- TASK BRIEF:
With pictures omitted, transcribe exactly the lines from the one containing "农家乐 Alfarrobeiras Nature" to the end of the records below.

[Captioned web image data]
______

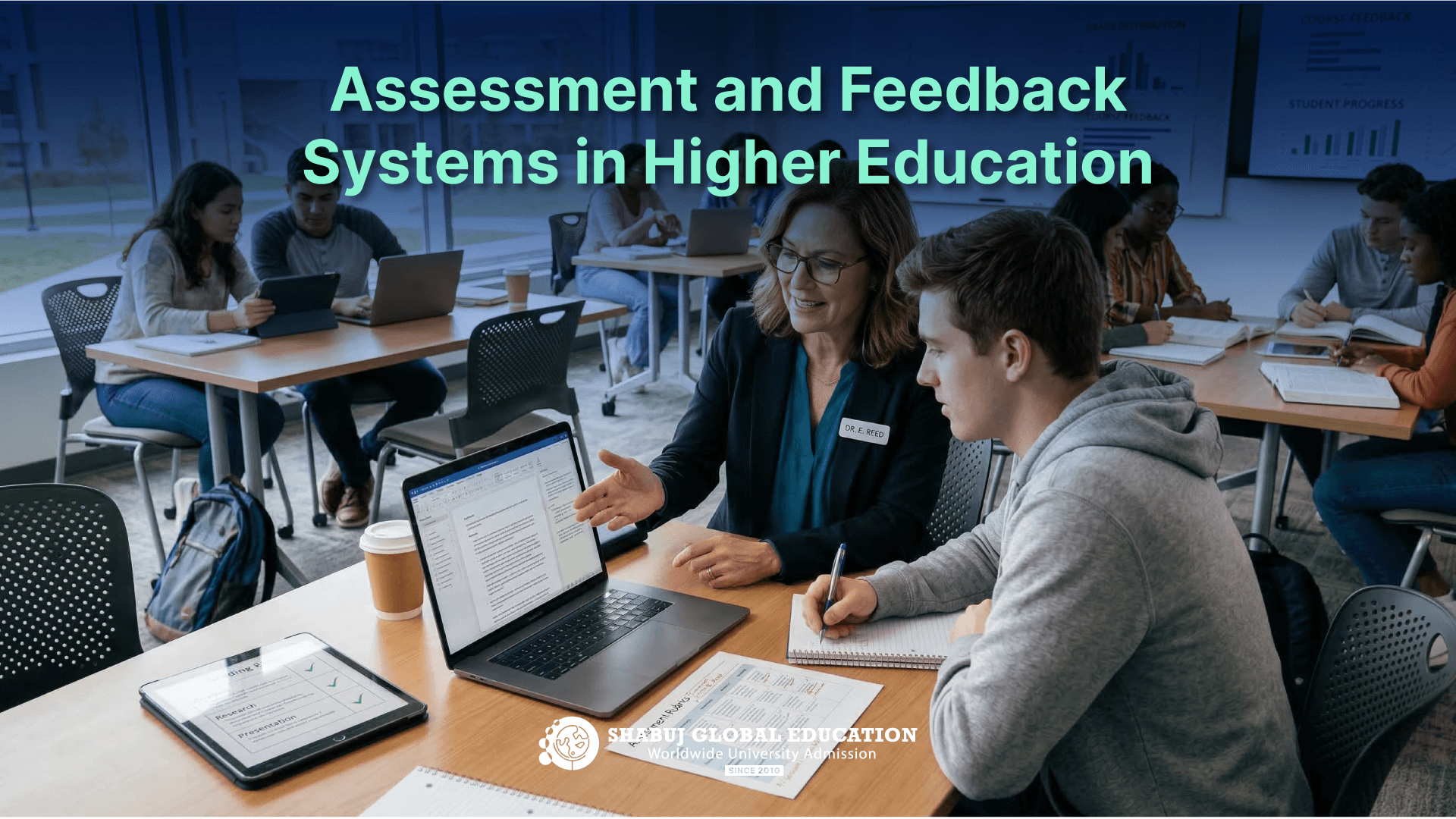 Assessment and Feedback Systems in Higher Education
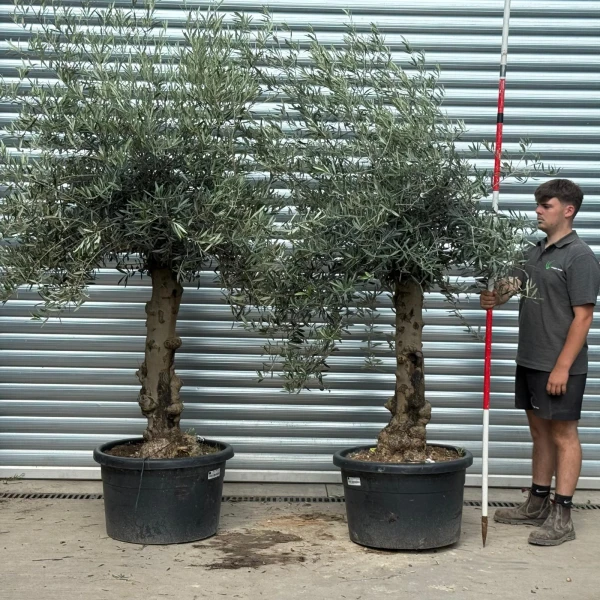 Super PAIR of Characterful Mature Specimen Olive Fruit Trees 20215 16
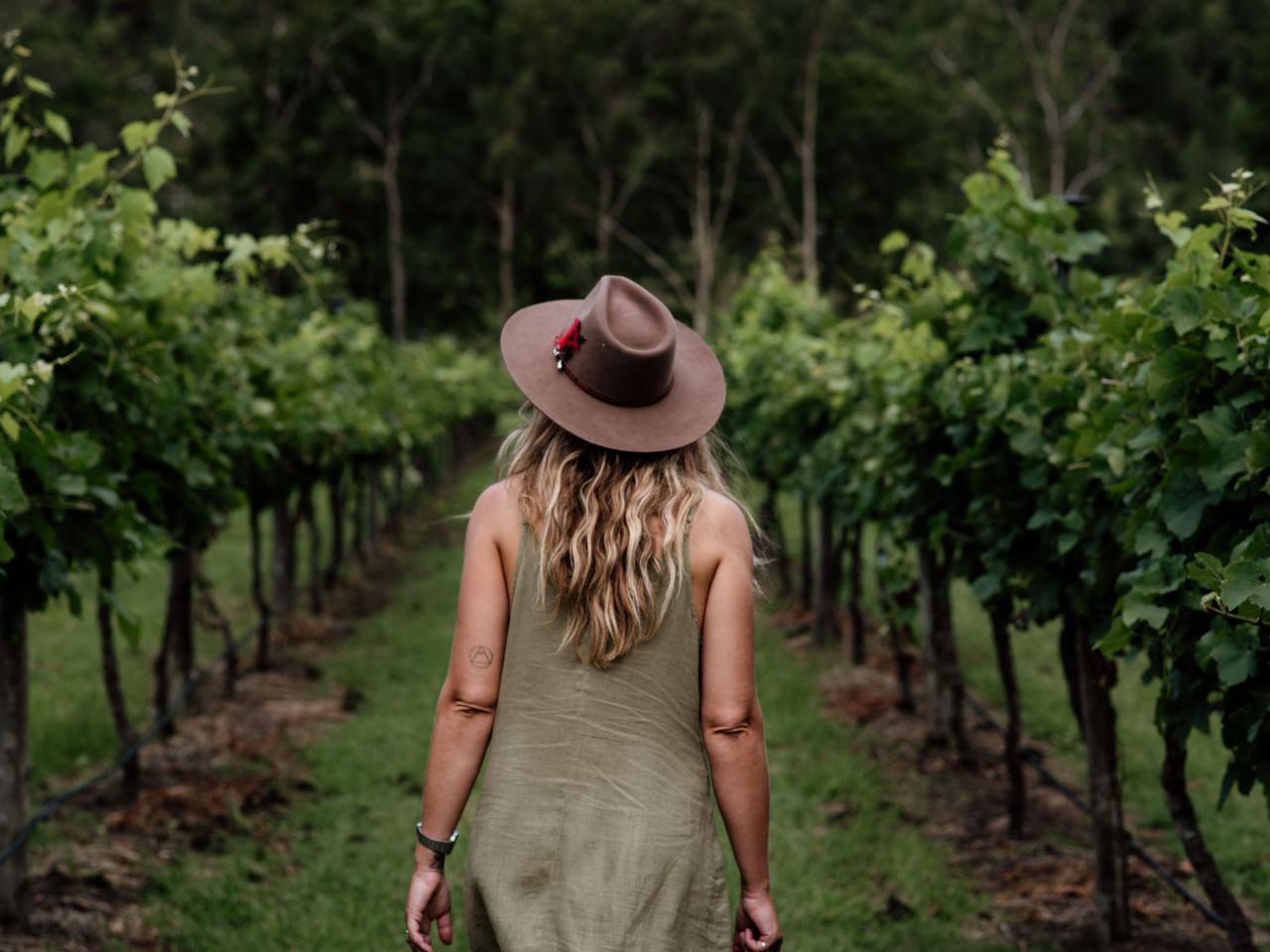 Hop on Hop off Wine Tasting Tour - From Gold Coast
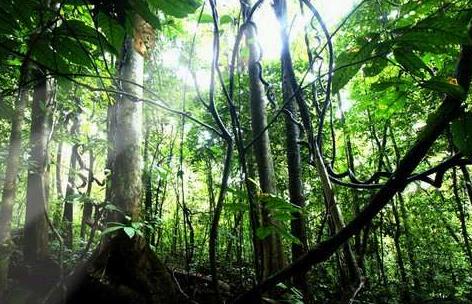 亞洲馬來西亞十大旅游景點排行榜 馬來西亞有什么好玩的地方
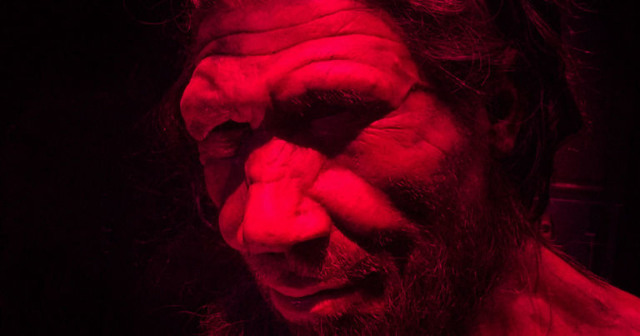 scientists mini brains neanderthal dna scientists mini brains neanderthal dna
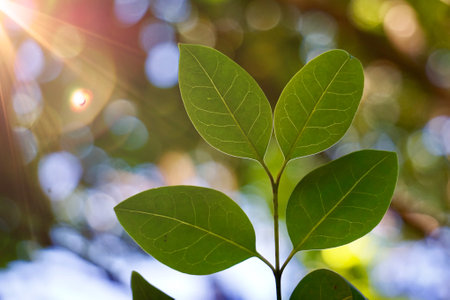 green tree leaves in the nature in spring season green backgroundの写真素材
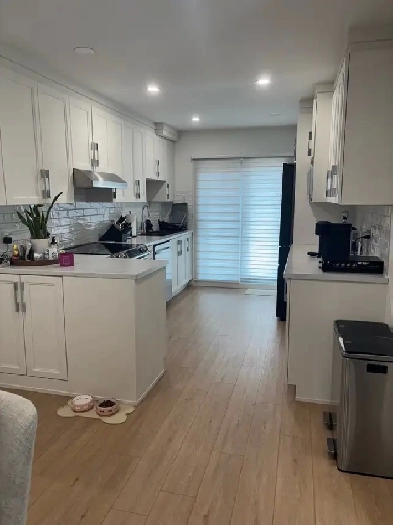 2 Beds 1 Bath Apartment Image# 1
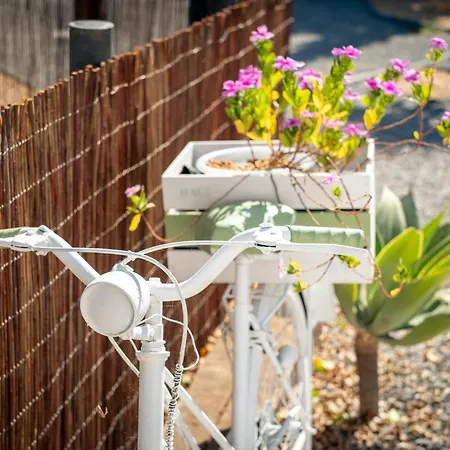 农家乐 Alfarrobeiras Nature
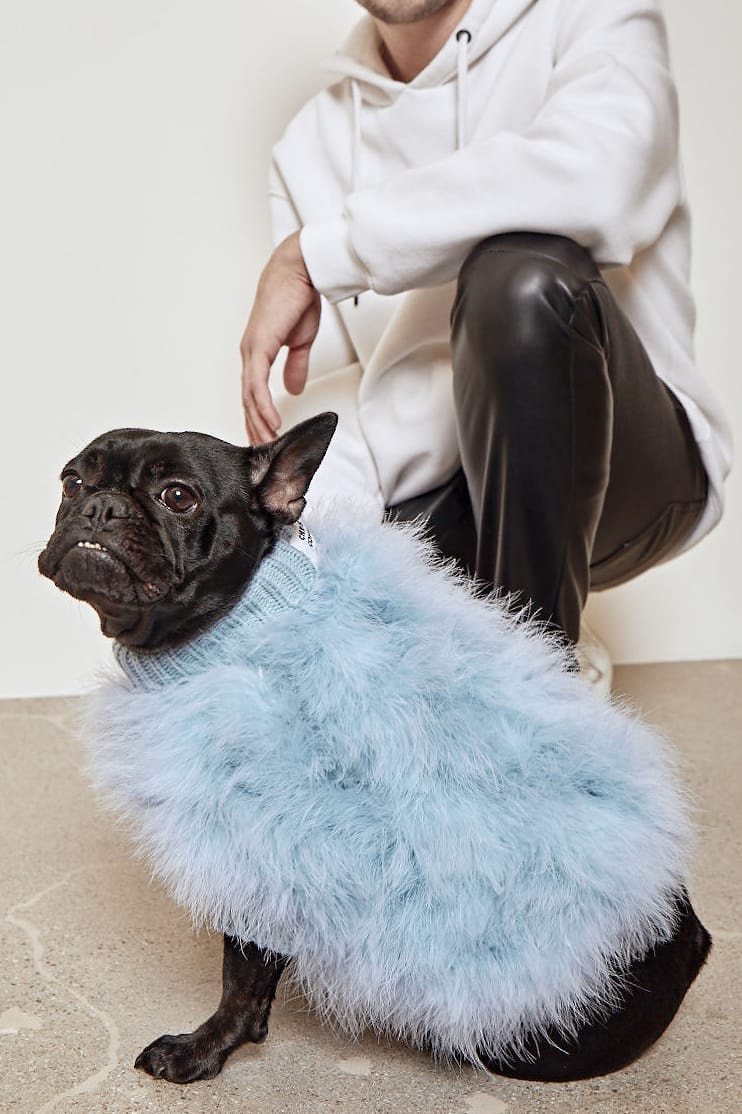 dog fur sweater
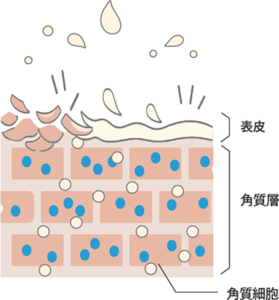 whey_M_explanation-ill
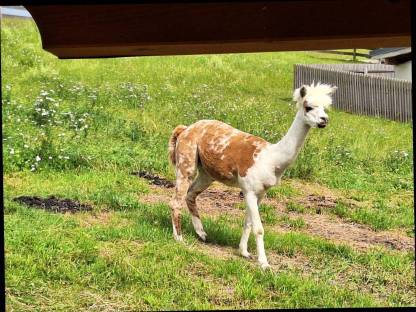 Bild 2:Alpaka Deckhengst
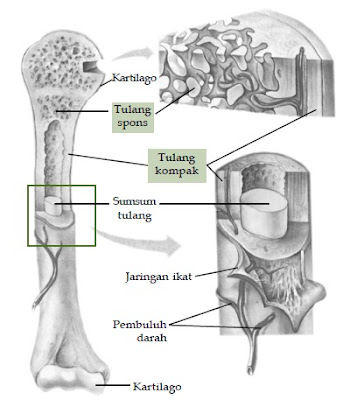 tulang spons dan tulang kompak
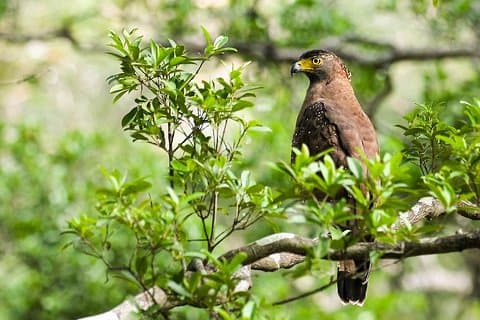 Wildlife Tour som dekker fugler, pattedyr og hvaler (14 dager)
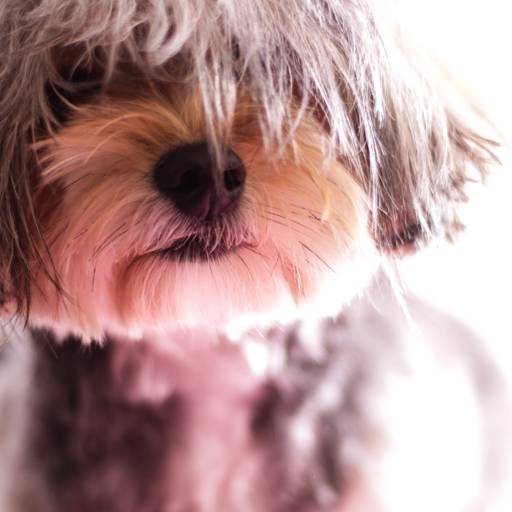 book de animais de estimação por Albert San Martin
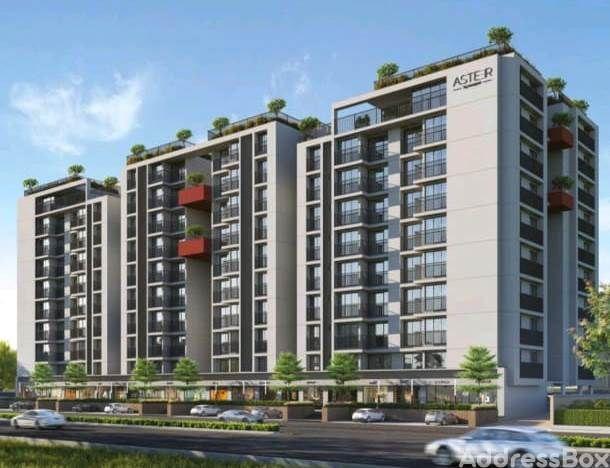 Sampad Aster - Commercial photo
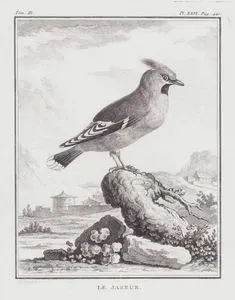 Sedir İpekkuyruğu (İpekkuyruk-Bombycilla Cedrorum) (III.Cilt, XXVI.Plate, Sayfa 440)
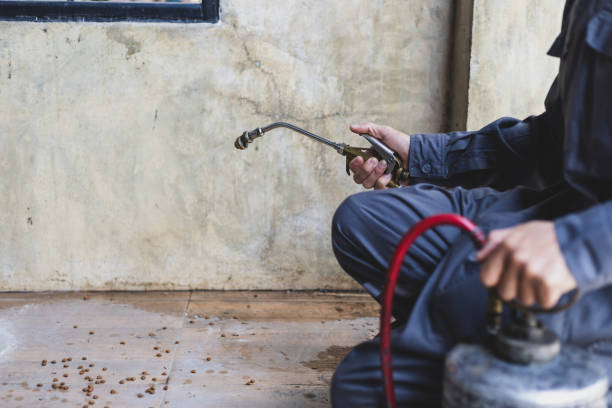 Reliable Georgetown, PA Pest Control Solutions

______

- RESPONSE AREA:
 农家乐 Alfarrobeiras Nature
 dog fur sweater
 whey_M_explanation-ill
 Bild 2:Alpaka Deckhengst
 tulang spons dan tulang kompak
 Wildlife Tour som dekker fugler, pattedyr og hvaler (14 dager)
 book de animais de estimação por Albert San Martin
 Sampad Aster - Commercial photo
 Sedir İpekkuyruğu (İpekkuyruk-Bombycilla Cedrorum) (III.Cilt, XXVI.Plate, Sayfa 440)
 Reliable Georgetown, PA Pest Control Solutions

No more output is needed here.